Sampson v. McRae

29 Ga. App. 690 | Ga. Ct. App. | 1923

Stephens, J.

1. Under tlie authority of Cone v. American Surety Co., 154 Ga. 841 (115 S. E. 481), the motion of the defendant, in error to dismiss the bill of exceptions upon the ground that this court has no jurisdiction to entertain a writ of error from the city court of Thomasville is denied.

2. A provision in a contract which provides for its performance in the alternative does not render the contract ambiguous, and therefore the rule that an ambiguous provision shall be construed most strongly against the draftsman does not apply. A provision in a contract that one of the parties may buy or act as sales agent in selling certain real estate belonging to the other contracting party is not ambiguous, but provides for the performance of the contract by one of the parties at his election, either by buying the property from the other, or by selling the property as agent for the other.

3. In a contract for the sale of land the following description of the land is sufficiently certain for identification: “ One certain lot of land in the City of Thomasville, located on Jackson street next to city barracks, containing thereon two two-story brick buildings.” Since that is certain which is capable of being made certain, a petition in a suit on the contract, alleging a description of the land as contained in the contract, and alleging facts rendering an identification of the land certain, such as that there was only one city barracks in the city of Thomasville, and that the City of Thomasville was in Thomas county, Georgia, and that there was only one tract of land adjoining the city barracks having thereon two two-story brick buildings, and that such one tract of land was the only tract of land adjoining the city barracks owned at the time by the owner of the land described'in the contract, together with other facts by way of identification, sufficiently describes and identifies the land described in the contract. See, in this connection, Horine v. Hicks, 25 Ga. App. 802 (104 S. E. 922), and eases there cited.

4. In a suit for damages for breach of a contract, a plea which alleges a former election of a remedy by the plaintiff and which sets out a peti- . tion by the plaintiff praying for specific performance of the same contract, together with process and service upon the defendant, and which alleges a voluntary dismissal by the plaintiff of such petition prior to the institution of the suit in the pending case, is insufficient, without more, to show such a former election of remedy as will constitute a bar to the prosecution of the pending suit. See, in this connection, Lane v. Lodge, 139 Ga. 93 (3-a) (76 S. E. 874); Causey v. Causey, 106 Ga. *691188 (32 S. E. 138); Board of Education v. Day, 128 Ga. 756, 764 (57 S. E. 359); Civil Code (1910), § 4639.

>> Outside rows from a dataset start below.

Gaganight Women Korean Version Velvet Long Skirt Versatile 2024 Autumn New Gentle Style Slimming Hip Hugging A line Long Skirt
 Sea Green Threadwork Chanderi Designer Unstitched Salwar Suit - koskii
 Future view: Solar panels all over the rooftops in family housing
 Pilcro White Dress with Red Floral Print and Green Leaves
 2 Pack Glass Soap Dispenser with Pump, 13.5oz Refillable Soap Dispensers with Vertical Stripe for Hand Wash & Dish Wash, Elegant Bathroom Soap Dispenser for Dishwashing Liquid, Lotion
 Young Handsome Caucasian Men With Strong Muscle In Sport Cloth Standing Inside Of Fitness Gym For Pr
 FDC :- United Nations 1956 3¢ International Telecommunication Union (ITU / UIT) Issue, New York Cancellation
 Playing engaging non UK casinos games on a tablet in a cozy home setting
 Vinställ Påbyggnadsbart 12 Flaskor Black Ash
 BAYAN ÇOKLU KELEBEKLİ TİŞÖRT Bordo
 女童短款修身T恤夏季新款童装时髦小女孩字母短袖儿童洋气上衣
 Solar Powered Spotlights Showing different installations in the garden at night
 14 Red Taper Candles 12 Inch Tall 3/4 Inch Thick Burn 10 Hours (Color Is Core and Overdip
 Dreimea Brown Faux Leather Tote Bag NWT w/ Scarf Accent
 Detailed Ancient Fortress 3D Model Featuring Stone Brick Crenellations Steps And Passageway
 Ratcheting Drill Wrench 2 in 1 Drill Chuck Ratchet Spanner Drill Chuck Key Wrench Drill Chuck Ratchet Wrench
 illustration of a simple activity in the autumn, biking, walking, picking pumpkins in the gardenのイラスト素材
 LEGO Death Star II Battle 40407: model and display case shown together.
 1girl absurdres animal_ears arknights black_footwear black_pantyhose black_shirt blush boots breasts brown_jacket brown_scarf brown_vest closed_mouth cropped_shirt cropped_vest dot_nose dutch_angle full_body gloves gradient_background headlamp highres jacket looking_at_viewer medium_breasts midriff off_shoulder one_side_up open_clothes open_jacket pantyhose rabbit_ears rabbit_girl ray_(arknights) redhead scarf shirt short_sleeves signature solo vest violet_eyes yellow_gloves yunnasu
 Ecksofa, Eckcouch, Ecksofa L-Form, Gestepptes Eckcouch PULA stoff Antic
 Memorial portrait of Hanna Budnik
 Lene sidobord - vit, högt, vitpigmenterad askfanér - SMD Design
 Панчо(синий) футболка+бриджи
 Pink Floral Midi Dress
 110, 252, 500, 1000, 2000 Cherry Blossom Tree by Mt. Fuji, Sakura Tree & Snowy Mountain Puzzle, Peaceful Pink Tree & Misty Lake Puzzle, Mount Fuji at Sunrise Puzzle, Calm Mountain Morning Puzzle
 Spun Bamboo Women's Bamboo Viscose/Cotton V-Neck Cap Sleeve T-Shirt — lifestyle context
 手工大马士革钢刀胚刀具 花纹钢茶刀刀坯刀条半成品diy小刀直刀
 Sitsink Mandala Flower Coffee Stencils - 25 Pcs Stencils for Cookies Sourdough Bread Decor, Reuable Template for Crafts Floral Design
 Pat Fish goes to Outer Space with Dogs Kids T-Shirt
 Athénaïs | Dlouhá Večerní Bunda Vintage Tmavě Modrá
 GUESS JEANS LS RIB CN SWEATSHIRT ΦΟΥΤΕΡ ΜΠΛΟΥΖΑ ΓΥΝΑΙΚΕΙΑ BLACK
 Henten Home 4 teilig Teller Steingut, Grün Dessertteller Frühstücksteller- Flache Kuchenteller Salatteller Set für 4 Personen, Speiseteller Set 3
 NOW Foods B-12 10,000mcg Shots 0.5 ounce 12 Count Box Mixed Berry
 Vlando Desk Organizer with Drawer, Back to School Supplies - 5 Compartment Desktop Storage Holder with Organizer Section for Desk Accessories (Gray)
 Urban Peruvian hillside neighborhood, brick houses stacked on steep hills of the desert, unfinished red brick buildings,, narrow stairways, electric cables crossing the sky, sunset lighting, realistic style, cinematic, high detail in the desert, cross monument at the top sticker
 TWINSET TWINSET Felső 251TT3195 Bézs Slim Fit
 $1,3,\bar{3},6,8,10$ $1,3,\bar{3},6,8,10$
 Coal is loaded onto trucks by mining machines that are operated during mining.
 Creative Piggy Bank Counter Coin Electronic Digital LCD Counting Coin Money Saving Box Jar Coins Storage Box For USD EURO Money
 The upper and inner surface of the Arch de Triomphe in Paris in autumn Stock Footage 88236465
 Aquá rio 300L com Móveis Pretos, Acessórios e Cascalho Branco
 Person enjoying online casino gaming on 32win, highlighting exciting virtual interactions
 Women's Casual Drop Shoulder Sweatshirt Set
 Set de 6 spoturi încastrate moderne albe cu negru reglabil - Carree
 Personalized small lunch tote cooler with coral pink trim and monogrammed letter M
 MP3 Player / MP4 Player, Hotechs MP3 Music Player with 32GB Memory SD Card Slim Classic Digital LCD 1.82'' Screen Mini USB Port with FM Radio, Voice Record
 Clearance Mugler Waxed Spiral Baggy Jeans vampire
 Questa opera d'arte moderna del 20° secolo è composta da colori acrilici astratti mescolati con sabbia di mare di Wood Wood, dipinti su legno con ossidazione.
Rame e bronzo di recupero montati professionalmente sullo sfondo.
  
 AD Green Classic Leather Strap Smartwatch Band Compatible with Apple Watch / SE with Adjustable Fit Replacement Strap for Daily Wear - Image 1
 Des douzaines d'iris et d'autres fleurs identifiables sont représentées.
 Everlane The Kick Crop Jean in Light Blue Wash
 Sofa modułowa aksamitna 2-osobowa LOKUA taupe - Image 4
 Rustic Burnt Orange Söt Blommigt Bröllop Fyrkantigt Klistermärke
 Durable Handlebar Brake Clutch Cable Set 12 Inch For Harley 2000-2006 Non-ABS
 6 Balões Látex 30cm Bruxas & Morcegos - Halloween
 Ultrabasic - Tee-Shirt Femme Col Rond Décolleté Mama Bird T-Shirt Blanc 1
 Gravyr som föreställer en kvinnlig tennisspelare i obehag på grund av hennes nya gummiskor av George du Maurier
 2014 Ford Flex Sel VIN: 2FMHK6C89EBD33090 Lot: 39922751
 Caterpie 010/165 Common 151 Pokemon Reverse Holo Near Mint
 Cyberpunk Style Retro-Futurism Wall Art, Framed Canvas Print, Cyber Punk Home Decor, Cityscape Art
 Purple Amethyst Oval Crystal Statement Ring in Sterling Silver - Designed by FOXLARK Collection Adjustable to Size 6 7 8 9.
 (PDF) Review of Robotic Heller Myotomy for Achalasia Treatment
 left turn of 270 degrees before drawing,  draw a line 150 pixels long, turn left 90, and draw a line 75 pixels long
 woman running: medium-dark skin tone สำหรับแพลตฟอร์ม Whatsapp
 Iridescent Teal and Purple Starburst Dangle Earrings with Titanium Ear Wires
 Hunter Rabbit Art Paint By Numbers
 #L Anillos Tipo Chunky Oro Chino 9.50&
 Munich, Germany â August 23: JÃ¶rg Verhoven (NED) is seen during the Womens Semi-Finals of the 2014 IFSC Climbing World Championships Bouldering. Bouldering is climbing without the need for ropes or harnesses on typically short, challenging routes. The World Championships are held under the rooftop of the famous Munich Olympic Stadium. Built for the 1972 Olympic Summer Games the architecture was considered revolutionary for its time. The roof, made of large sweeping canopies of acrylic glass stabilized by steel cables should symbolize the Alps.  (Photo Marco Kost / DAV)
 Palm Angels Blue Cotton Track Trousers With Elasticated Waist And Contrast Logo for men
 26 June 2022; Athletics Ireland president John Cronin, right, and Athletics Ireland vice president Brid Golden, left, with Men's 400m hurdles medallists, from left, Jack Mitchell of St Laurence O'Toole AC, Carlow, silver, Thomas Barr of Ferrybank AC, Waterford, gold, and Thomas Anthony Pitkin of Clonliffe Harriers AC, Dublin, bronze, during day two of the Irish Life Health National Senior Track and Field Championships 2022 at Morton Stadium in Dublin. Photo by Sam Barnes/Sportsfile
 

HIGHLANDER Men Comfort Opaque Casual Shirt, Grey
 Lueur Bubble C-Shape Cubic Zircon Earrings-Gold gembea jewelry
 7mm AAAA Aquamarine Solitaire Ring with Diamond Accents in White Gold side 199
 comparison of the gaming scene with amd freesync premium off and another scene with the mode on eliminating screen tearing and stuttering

Decided February 21, 1923. G. E. Hay, for plaintiff in error. W. I. MacIntyre, contra.

5. “ Where an executed act, as the payment of money, is recited as the consideration for a contract, the contract is not rendered invalid by proof that the consideration was not actually executed by the payment of the money.” Bridges v. Shirling, 26 Ga. App. 279 (4) (105 S. E. 862).

6. Lawful tender of money need not be made in person by the contracting party for whose benefit the tender is made, nor need the money tendered belong to such contracting party.

7. The plaintiff having sued upon a contract as described in paragraph 2 above, alleging that he had a right to elect to purchase at a certain amount certain real estate, even though in alleging his damage the plaintiff alleged that he had procured a purchaser for the property to whom he had contracted to resell at a profit, and it appearing without dispute that the defendant, after lawful tender had been made to him, refused to sell, the court did not err in instructing the jury that the plaintiff was entitled to recover, and certain requests to charge made by the defendant, based upon the theory that the plaintiff was a real-estate broker, were properly refused.

8. A suit to recover damages for an alleged breach by the seller of a contract of sale, where the plaintiff alleges his damages to be the difference between the contract price and the market value of the property at the time and place for performance of the contract, even though no nominal damages are in terms prayed for, is not one to recover such special damages for a breach of the contract as will necessarily exclude the plaintiff’s right to recover nominal damages. See, in this connection, Kenny v. Collier, 79 Ga. 743 (8 S. E. 58); Sutton v. Southern Ry. Co., 101 Ga. 776 (29 S. E. 53); Graham v. Macon &c. Ry. Co., 120 Ga. 757 (49 S. E. 75). The charge of the court upon nominal damages was therefore not error.

9. The amount of the verdict found for the plaintiff being supported by evidence tending to establish the difference between the contract price and the value of the property at the time when it should have been performed, a verdict for the plaintiff was authorized.

10. None of the rulings upon any of the demurrers interposed either by the plaintiff or by the defendant appear to be erroneous. The evidence supports the verdict rendered for the plaintiff, and the court did not err in overruling the defendant’s motion for a new trial.

Judgment affirmed.

Jénhins, P. J., and Bell, J., concur.